-
Notifications
You must be signed in to change notification settings - Fork 304
Description
Hi there,
I've been fiddling with perplexity computation in the past few days, and I was struck by a few discrepancies:
- In your manual implementation, I read:
When we run the above with
stride = 1024, i.e. no overlap, the resulting PPL is19.44, which is about the same as the19.93reported in the GPT-2 paper (note: p. 5). - On the reference page (see 'Examples'):
(Of course this is run on a very short sequence, only 50 characters!)perplexity = evaluate.load("perplexity", module_type="metric") input_texts = datasets.load_dataset("wikitext", "wikitext-2-raw-v1", split="test")["text"][:50] input_texts = [s for s in input_texts if s!=''] results = perplexity.compute(model_id='gpt2', predictions=input_texts) print(list(results.keys())) >>>['perplexities', 'mean_perplexity'] print(round(results["mean_perplexity"], 2)) >>>576.76 print(round(results["perplexities"][0], 2)) >>>889.28
Here's a Colab notebook with my experiments.
Question 1
Even when using evaluate, I get fairly different results: just for the 50 character selection, I obtain:
320.85
567.91
Something in the implementation changed since the docs were written? What am I missing?
Question 2
There is still a humongous difference between the manual computation (first page I quoted above, ported in the notebook, and similar results when experimenting with a faster, batched implementation using stride in the tokenizer) and what the metric produces. What I'm expecting for wikitext is something of the order of 20-30, and lower for bigger models, not in the hundreds, let alone in the thousands (see the notebook, result when joining all rows with \n\n)... (At first I thought it was because of pad_tokens being counted, that was wrong.) I'm now at a loss as to where that might come from.
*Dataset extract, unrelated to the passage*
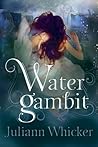 Water Gambit (Watergirl, #2) Book cover for Water Gambit (Watergirl, #2)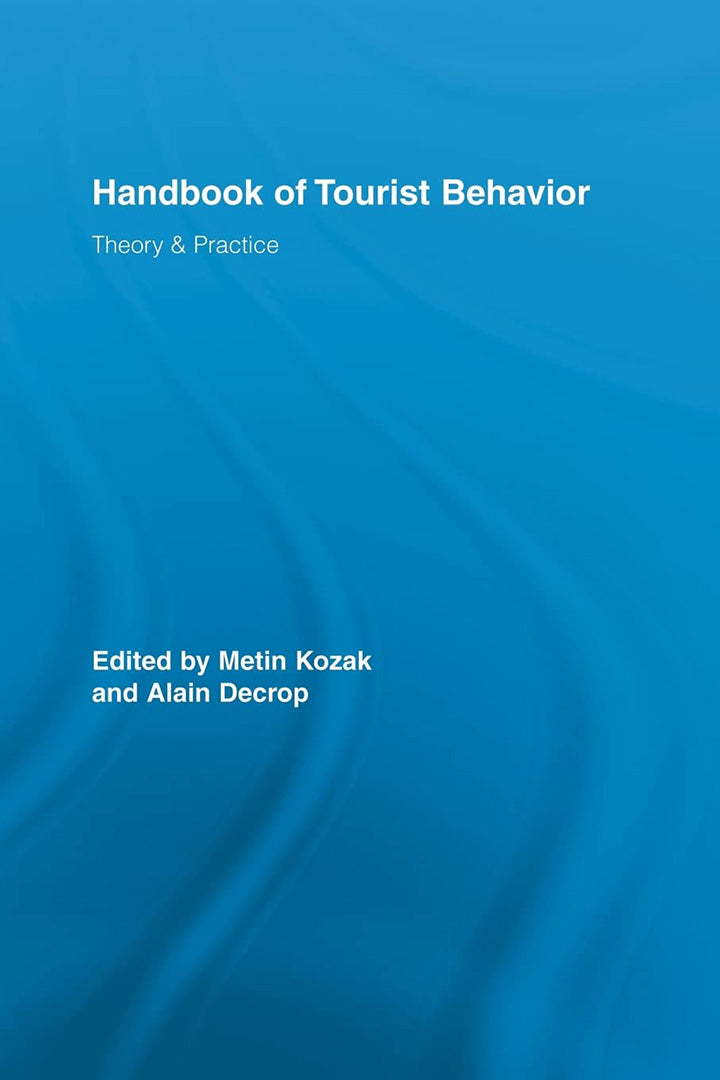 Handbook Of Tourist Behavior: Theory & Practice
Any ideas?
Question 3
Also, notice that I can pass the dataset either as a list of strings of varying lengths, or as one long string, and it runs, but the perplexity class itself, on its own, does not seem to handle that (no return_overflowing_tokens = True passed to the tokenizer, for instance, I performed a few tests with the class only): I'm guessing the dataset is processed somewhere before being fed to it? I'm in the process of understanding the whole pipeline of invocation of the metric, but so far I haven't found where it happens.
Apologies if the first version of this issue had quite a few silly mistakes, and thanks for reading!